The Project for Excellence in Journalism has published a telling chart that measures the steady decline in media coverage of the Iraq War since the start of 2007. One culprit: the presidential sweepstakes. “In the last quarter of 2007,” write Tricia Sartor and Mark Jurkowitz, “coverage of the war diminished as coverage of another major event — the 2008 presidential campaign — picked up dramatically. Those trends continued and expanded this year. In February 2008, coverage of the war in Iraq dropped to 3 percent, the lowest total for any one month since the News Coverage Index began in January 2007. Coverage of the war rebounded slightly from March 1 through March 20 of this year, when it accounted for 5 percent of the newshole. One catalyst for that increase in coverage was the fifth anniversary of the war, which generated an examination of both the conflict and the fact that it seemed to have largely disappeared from the news media’s radar screen.”

Must-read: Greg Mitchell, the editor of Editor & Publisher and author of So Wrong for So Long: How the Press, the Pundits — and the President — Failed in Iraq, published a great column summarizing a few of the questions the media have steadfastly failed to ask about the war.

Excerpt:

A frank assessment of the overall media performance, from the “run-up” to the “surge,” was nearly non-existent… What about the removal of the vast majority of U.S. reporters from Iraq in the early days of the occupation, just when they were most needed to warn of the daily Coalition blunders and emerging insurgency?

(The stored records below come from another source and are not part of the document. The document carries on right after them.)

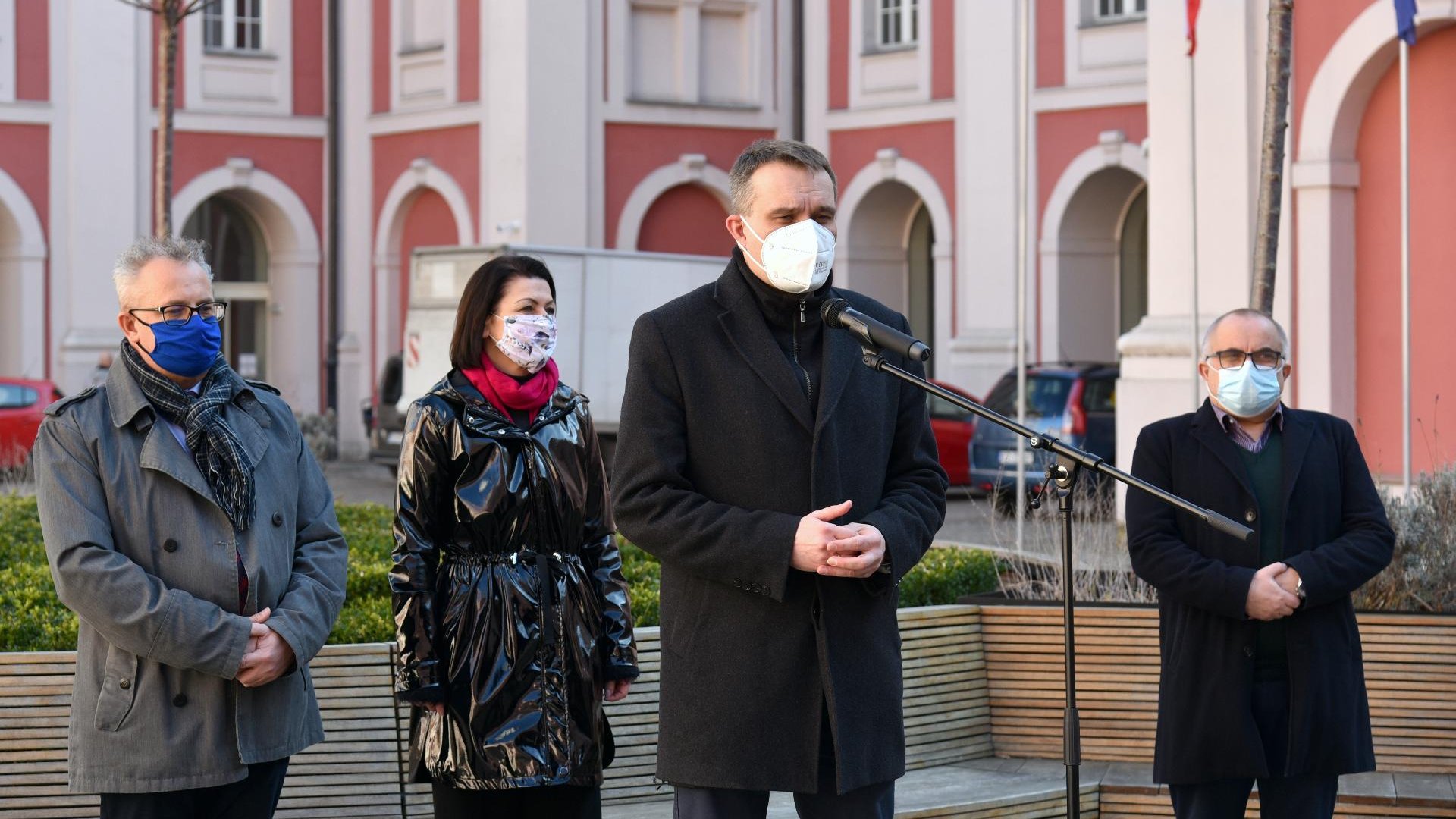 Galeria zdjęć została zrobiona podczas konferencji prasowej na dziedzińcu Urzędu Miasta Poznania. Na fotografii widać zastępcę prezydenta Mariusza Wiśniewskiego, zastępcę dyrektora Wydziału Oświaty Wiesława Banasia oraz miejskich radnych - Marka Sternalskiego i Martę Mazurek.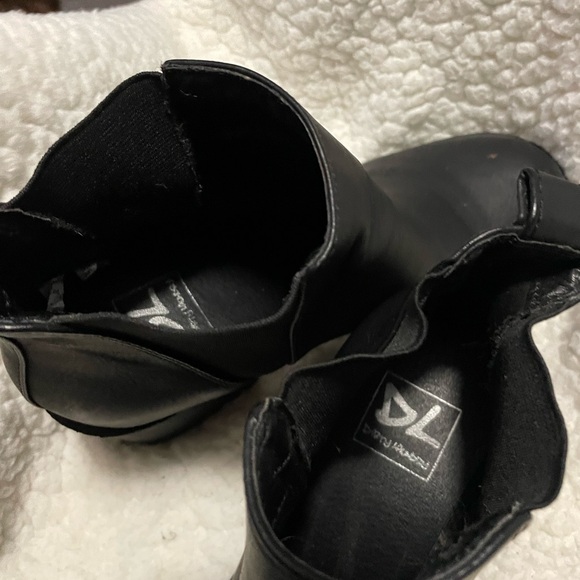 DIRTY LAUNDRY CHELSEA BOOTIES - Picture 5 of 5
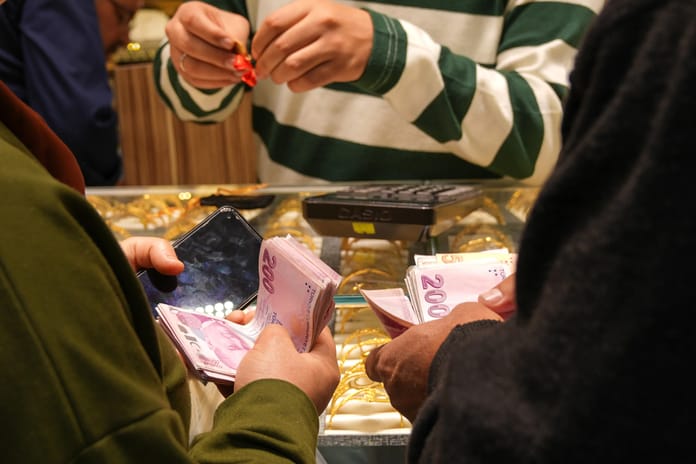 Altın fiyatları ne kadar, kaç TL? | Çeyrek, yarım, tam, Cumhuriyet, gram altın ve 22 ayar bilezik fiyatları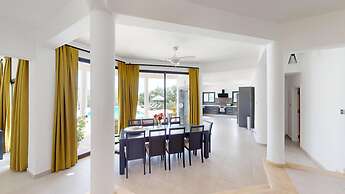 Villa Amelia by Amy Villas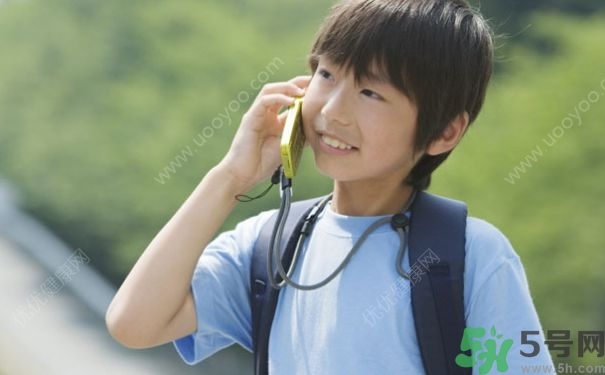 15歲男孩的標(biāo)準(zhǔn)身高應(yīng)該多高？15歲男孩的標(biāo)準(zhǔn)身高體重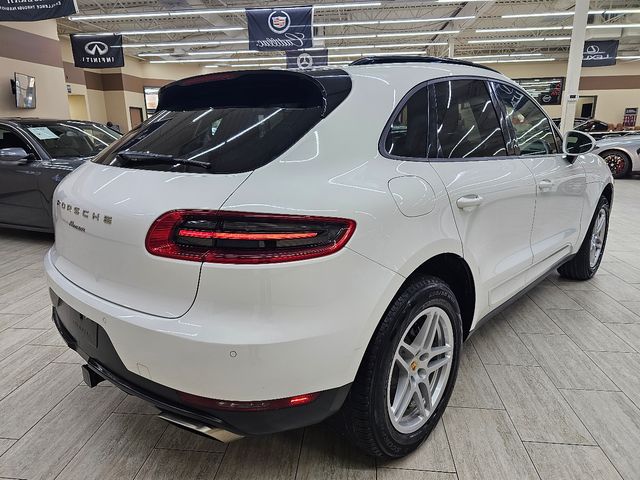 2018 Porsche Macan Base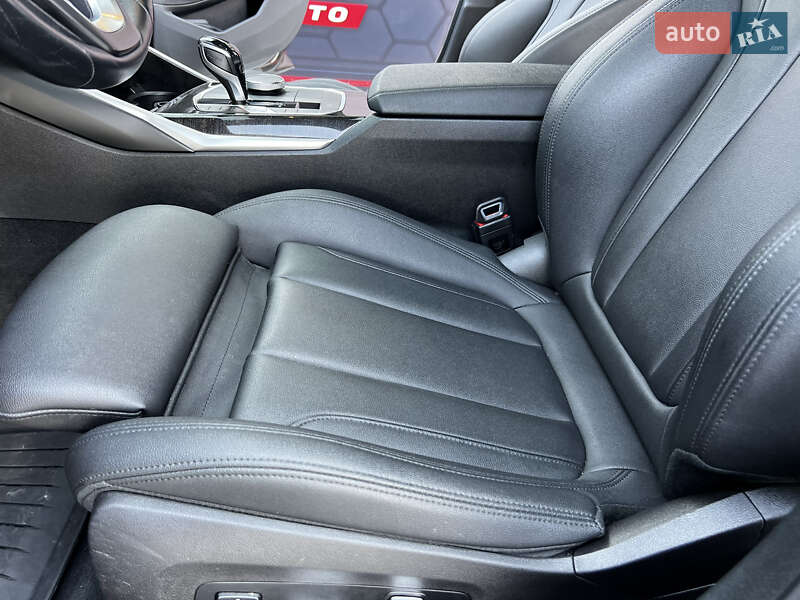Седан BMW 3 Series 2020 в Днепре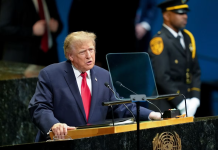 Trump oo ku Hanjabay inuu Tallaabo Adag Ka Qaadayo Iiraan Hadday Ku Lug Yeelato Dhacdaddii Flydubai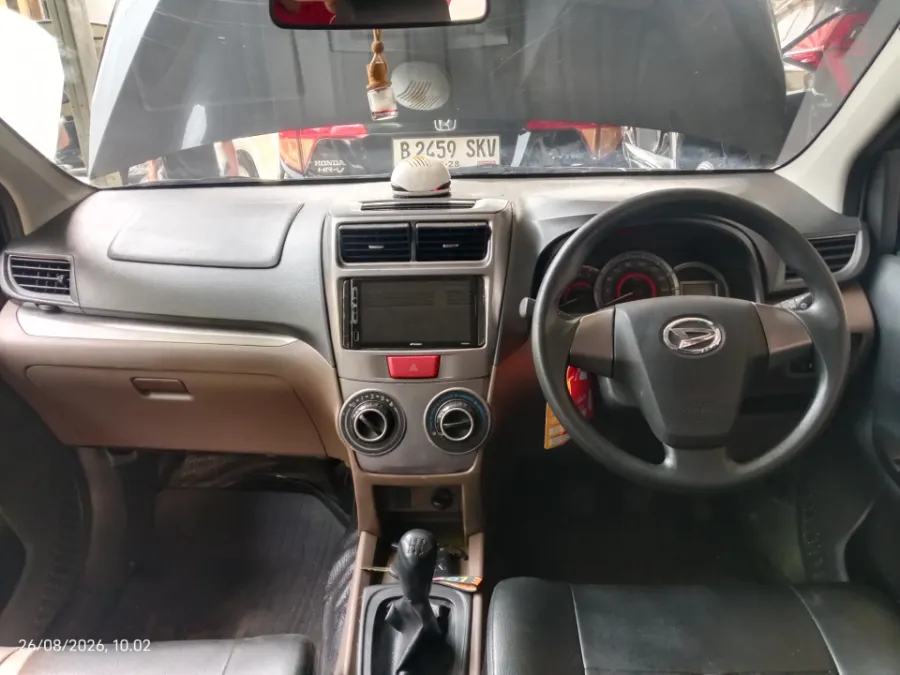 Foto Mobil Bekas Dashboard Daihatsu Xenia 1.3 X tahun 2016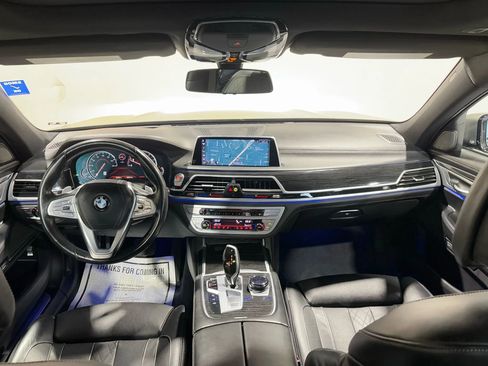Used 2016 BMW 750i image 18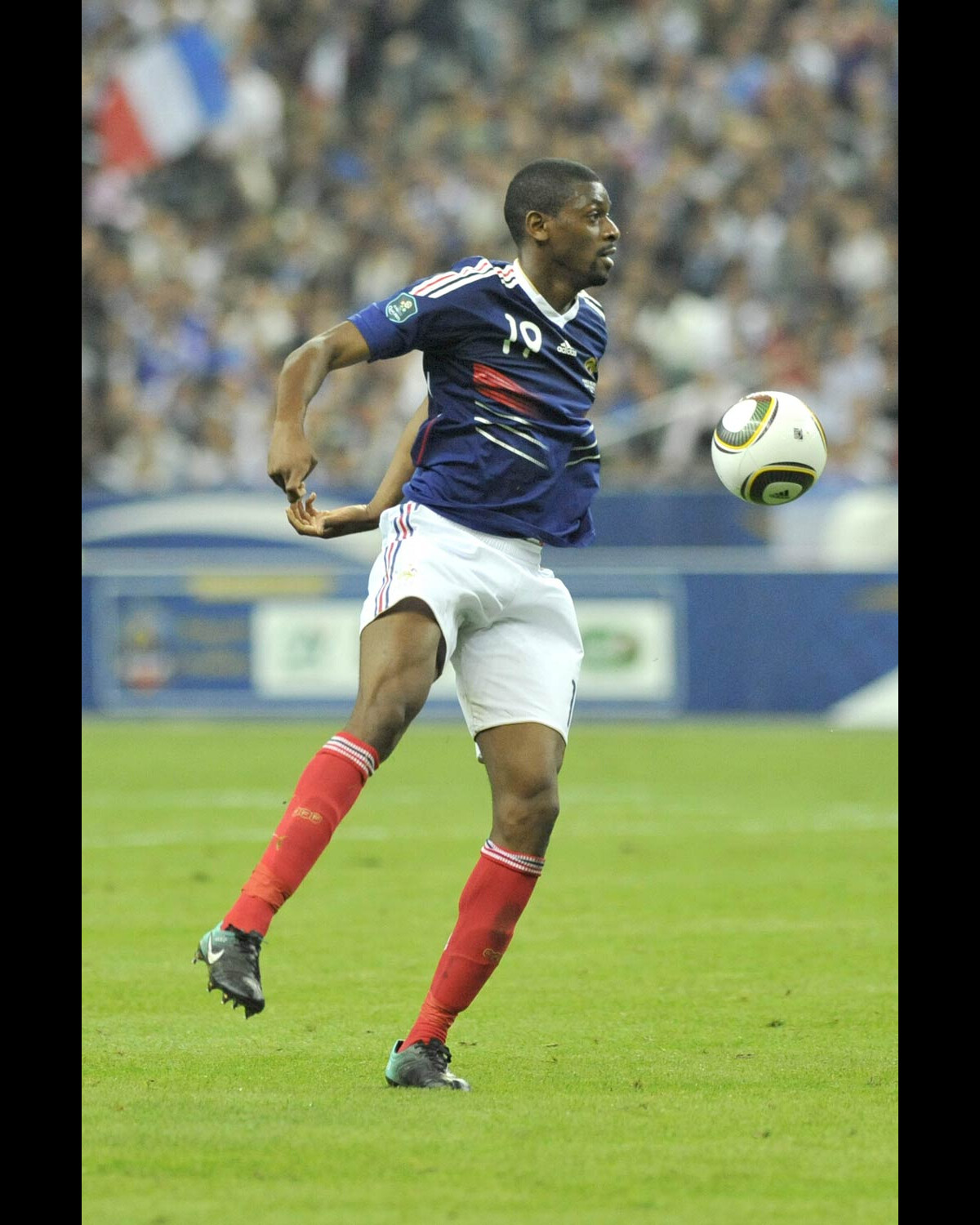 470016-abou-diaby-1200x0-3.jpg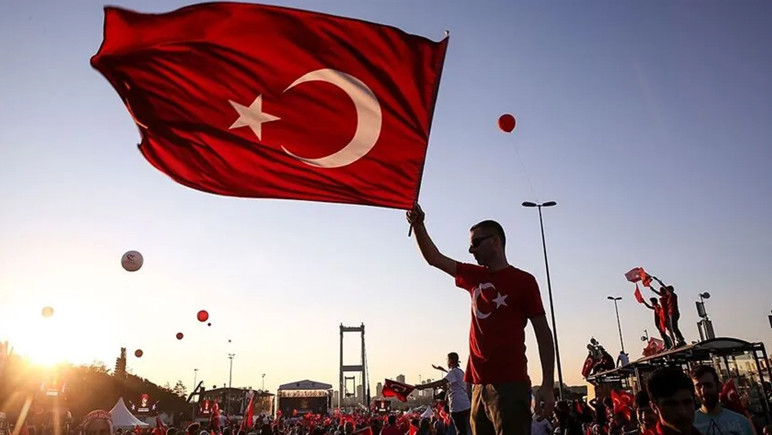 FETÖ'nün darbe girişiminin üzerinden 10 yıl geçti! 15 Temmuz gecesi neler yaşandı? - Resim : 3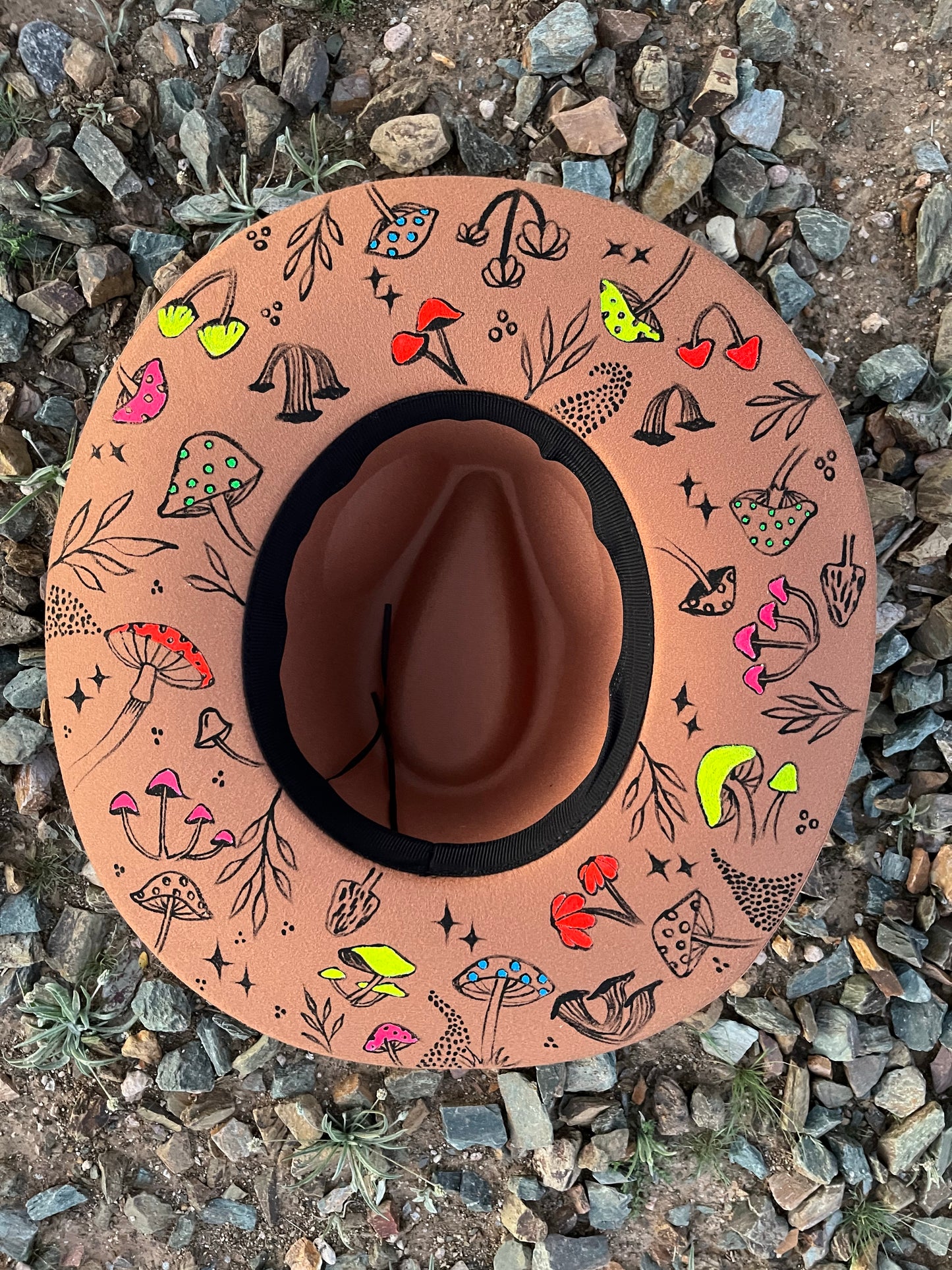 Mushroom neon tan felt wide brim rancher hat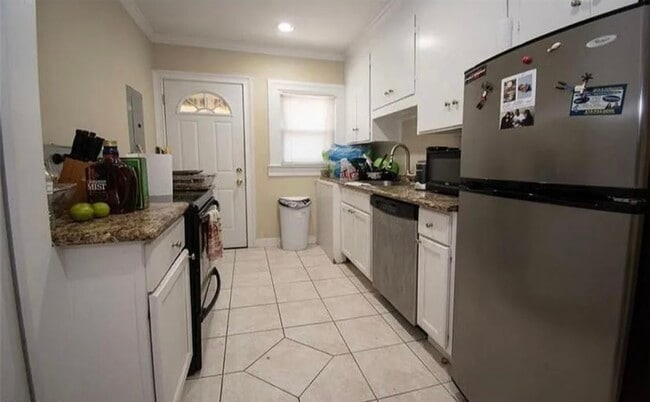 Building Photo - 607 Colonial Cir SE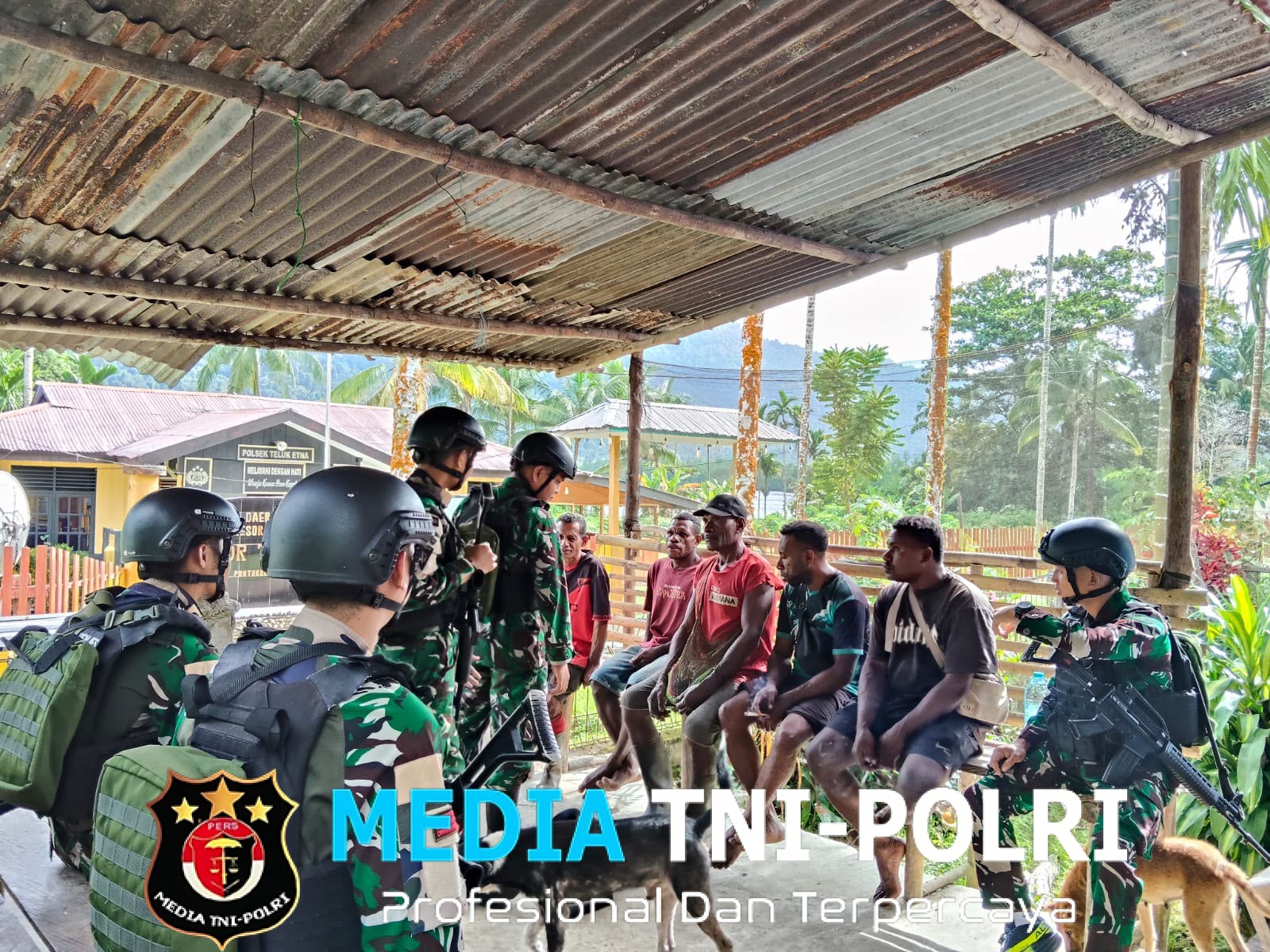 TNI Hadir Ditengah Segala Kondisi Masyarakat Pelosok Papua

The media’s role in falling victim to official propaganda in the Jessica Lynch and Pat Tillman cases? The delay in exposing the abuses at Abu Ghraib — and attacks on civilians in Haditha and numerous other places?

“The list goes on: Why did it take years to really focus on ill treatment of Iraq and Afghanistan veterans back here at home? To expose the rising suicide rates among soldiers in Iraq and returning vets? To assess the full trillion-dollar financial costs of the war, now a hot topic but underplayed for so long?… Why didn’t the media fight harder the Pentagon’s ban on showing coffins returning from Iraq? Why, for the most part, did they refuse to show dead or injured American soldiers from the war zone, thus preventing the public from absorbing the true human costs of the conflict?”